Distribution Team Infrastructure and Maintenance - Build Machines

Details and maintenance tasks for the Distribution Team’s build nodes

Build Machines

GitLab CI runner manager is responsible for creating build machines for package builds. This node configuration is managed by cookbook-gitlab-runner. Configuration values are stored in the vault named the same as the node, see example.

Currently, the version of GitLab CI runner is locked. We aim to be close to the current version of runner in order to get the fixes that we need without getting into issues that could cause a failure. These failures could prevent the release from going out so be careful with unnecessary changes on these nodes.

Runner manager machines

Distribution team maintains 2 runner manager machines for running different types of pipelines. Both these machines are in GCP project omnibus-build-runners.

  1. build-runners.gitlab.org:
  2. build-trigger-runner-manager.gitlab.org

build-runners-gitlab-org

This runner manager manages the machines used for building and publishing official GitLab CE and EE packages. It is locked to the omnibus-gitlab and cookbooks/gitlab-omnibus-builder projects in dev.gitlab.org.

Its configuration can be found in the private gitlab-com/gl-infra/chef-repo project.

It spins up the following types of machines:

  1. x86_64 machines for building packages. They are n1-highcpu-32 machines with 80GB SSD disks, spawned inside GCP using google docker-machine driver.

  2. arm64-builder-dev-gitlab for building Docker images for ARM and RPi. They are m6g.2xlarge machines with 80GB solid state disks spawned inside AWS using the amazonec2 docker-machine driver. This is used in https://dev.gitlab.org/cookbooks/gitlab-omnibus-builder.

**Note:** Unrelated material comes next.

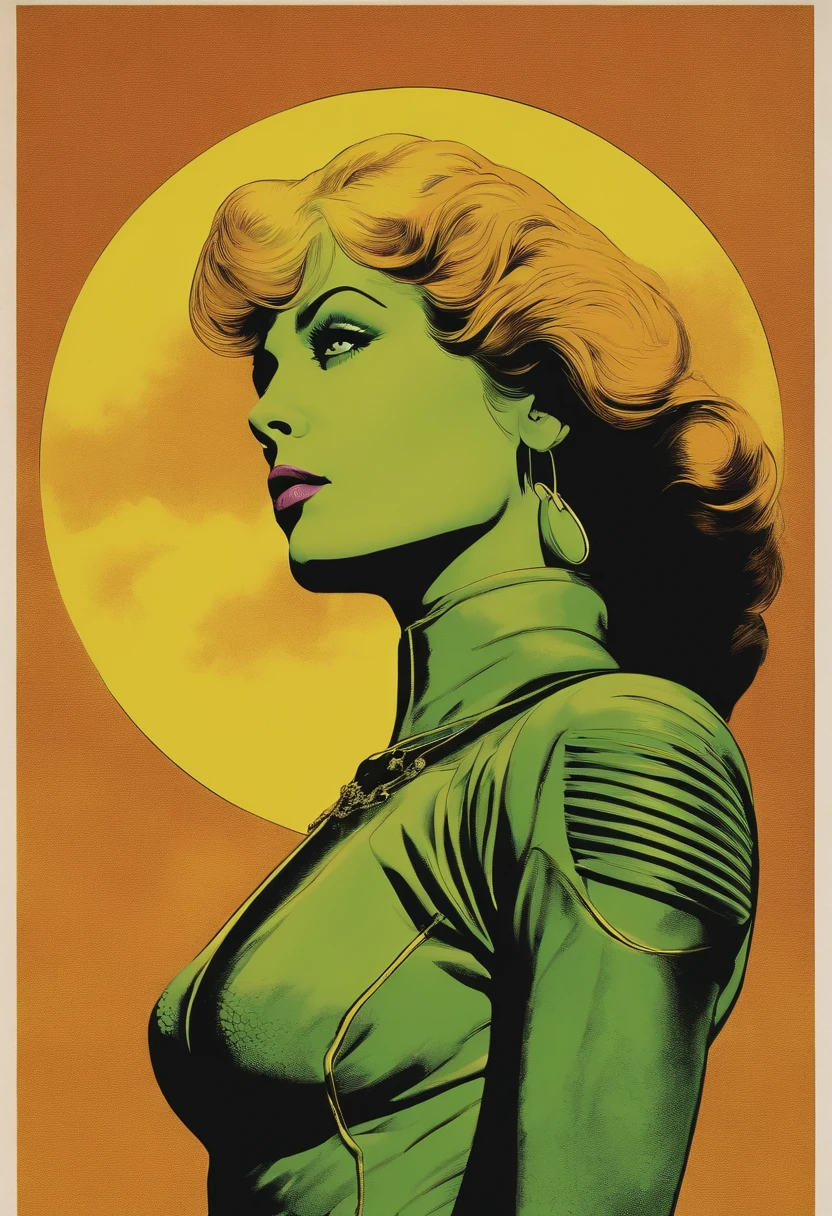 um close up de uma mulher em um traje verde e amarelo, arte da capa dos quadrinhos de heavy metal, barbarella, cinza thorp, Arte Oficial, panoramic widescreen view, Megadeth, matte staining, Anos 1970, sindicato(2012), psiônico, nebula, Directed by: Juan Gimenez, 1 9 7 0 s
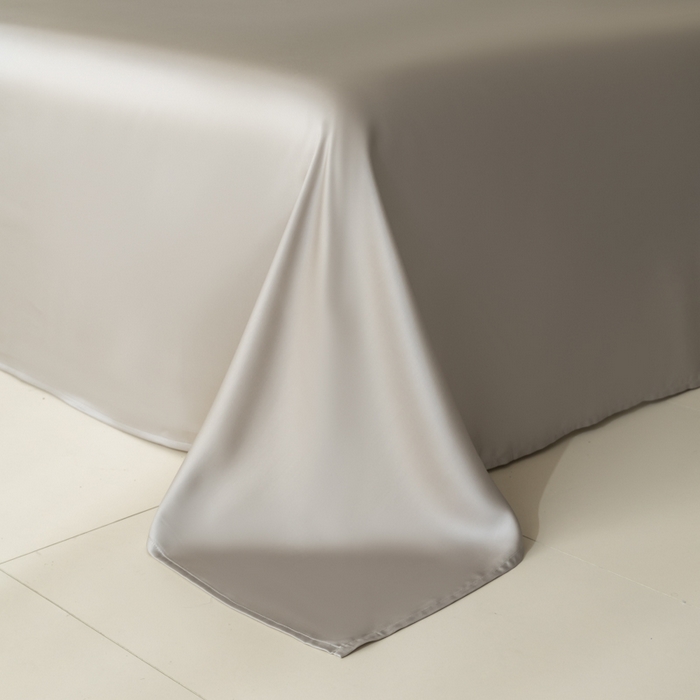 91家纺网 家纺一手货源 找家纺 禾时 2026新款60支奥地利兰精双拼纯色天丝四件套 映霜兰-霜华银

  3. arm64-runners-manager-dev-gitlab for building ARM and RPi packages. They are m6g.2xlarge machines with 80GB solid state disks spawned inside AWS using the amazonec2 docker-machine driver.

  4. package-promotion machines for uploading packages. Since they are only used to upload packages, they are scaled down to save costs. They are n2d-standard-2 machines, spawned inside GCP using google docker-machine driver.

build-trigger-runner-manager-gitlab-org

This runner manager manages the machines used for building packages as part of triggered pipeline used by developers to test their changes.

Its configuration can be found in the private gitlab-com/gl-infra/chef-repo project.

It spins up the following types of machines:

  1. x84_64 machines for building packages in the gitlab-org/omnibus-gitlab-mirror project. They are n1-highcpu-32 machines with 80GB SSD disks, spawned inside GCP using google docker-machine driver.

  2. ARM64 machines for buidling arm64 and Raspberry Pi builder images. They are m6g.2xlarge machines with 80GB solid state disks spawned inside AWS using the amazonec2 docker-machine driver.

  3. qa-builder machines for running end-to-end tests in the gitlab-org/gitlab-qa and gitlab-org/gitlab-qa-mirror projects. They are n2d-standard-2 machines with 50GB disks, spawned inside GCP using google docker-machine driver.

Maintenance tasks

Requirements:

  • Access to the node
  • Access to merge into master on the ops chef repo
  • Some tasks need access to a Chef Vault admin. At minimum, contact the Engineering Manager, Distribution for help.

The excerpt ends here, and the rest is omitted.